Menurut Subagyo A. , Direktur Gedung Bioskop Permata, gedung bioskop Permata tetap terus bertahan hidup karena ia merasa kasihan dengan pegawai atau karyawan yang telah puluhan tahun bekerja di tempat ini. Jika bioskop ini tutup, maka karyawan-karyawannya akan menjadi pengangguran yang tidak lagi memiliki penghasilan untuk hidup dan menghidupi keluarganya. Jadi, meskipun terseok-seok Subagyo A. selaku direktur Bioskop Permata tetap berusaha menghidup-hidupkan bioskop yang dipimpinnya. Bioskop Indra yang masih dalam satu grup dengan Permata juga terus dihidup-hidupkan. Semua demi kelangsungan hidup para karyawannya.

Bioskop Permata (dan Indra) itu lima-hingga sepuluh tahun terakhir memang secara khusus memutar film-film “panas”. Hal ini ditempuh karena film-film jenis ini merupakan jenis film yang masih diminati oleh kalangan tertentu yang agaknya memang cukup setia menjadi pelanggan di Permata maupun Indra.
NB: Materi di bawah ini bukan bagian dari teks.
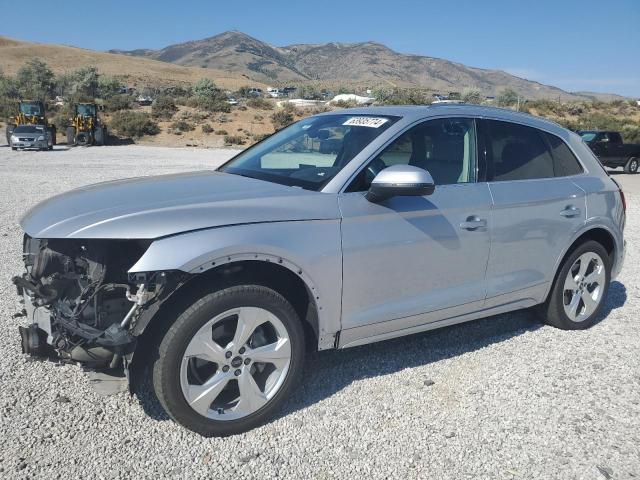 VIN WA1CAAFY6M2014633 2021 Audi Q5, Prestige no.1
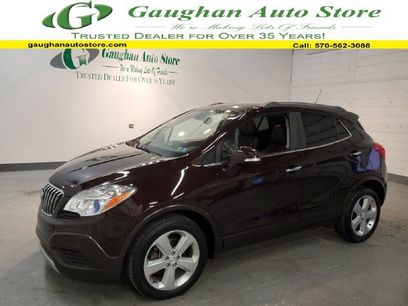 Used 2016 Buick Encore FWD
Jika Anda berkesempatan menonton film bioskop di gedung bioskop seperti Indra dan Permata mungkin Anda akan diingatkan pada nostalgia atau katakanlah romantisme bisokop di masa lalu. Ketika Tembi mencoba menonton, memang masih terasa kenangan kejayaan bioskop masa lalu itu. Akan tetapi, suasanya sudah jauh berbeda. Gedung bisokop dengan kapasitas sekitar 350 kursi itu terasa demikian lengang. Tidak ada lagi tepuk tangan. Tidak ada lagi gumam dari banyak orang. Tidak ada lagi sorot lampu senter petugas yang mengantarkan penonton yang datang terlambat, tidak ada lagi tertawa, tidak ada lagi umpatan jika film tiba-tiba mati atau terputus.

Bahkan AC dan sound system yang baik juga tidak ada lagi di dalam bioskop ini. Kipas angina sebagai pengganti AC juga tidak mampu mengusir hawa gerah di dalam gedung bioskop (theater). Pendeknya, keceriaan dan kenyamanan di dalam gedung bioskop itu tidak bisa kita temukan lagi. Benar-benar sunyi seperti kesunyian orang tua yang tidak punya lagi sanak saudara. Duduk termangu menunggu sang maut menjemput. Tiada daya kecuali menjalaninya sampai ujung batas akhir daya hidup.

Bioskop Permata dulu memang pernah menjadi permata hari kawula muda Yogyakarta. Bioskop yang berlokasi di pertigaan Purokinanti, Paku Alaman ini juga telah turut mengantarkan ketenaran warung gudeg yang berjualan di sekitar lokasi gedung bioskop pada waktu malam. Sehingga terkenallah nama Gudeg Permata. Namun sebelum bernama Permata bioskop ini pernah menggunakan nama Luxor.

Orang-orang yang masih setia menjadi penonton di Bioskop Permata umumnya adalah orang-orang yang ingin terus mengenang sejarah dirinya sendiri, sejarah Bioskop Permata, mungkin juga sejarah suasana Yogya tempo dulu. Semuanya tali-temali dalam ikatan sejarah. Pendeknya adalah kenangan atau memori suasana perbioskopan itu ingin diulang, dihadirkan, dan dinikmati kembali. Keberlangsungan hidup bioskop Permata (dan juga Indra) mungkin hanya tinggal menghitung hari.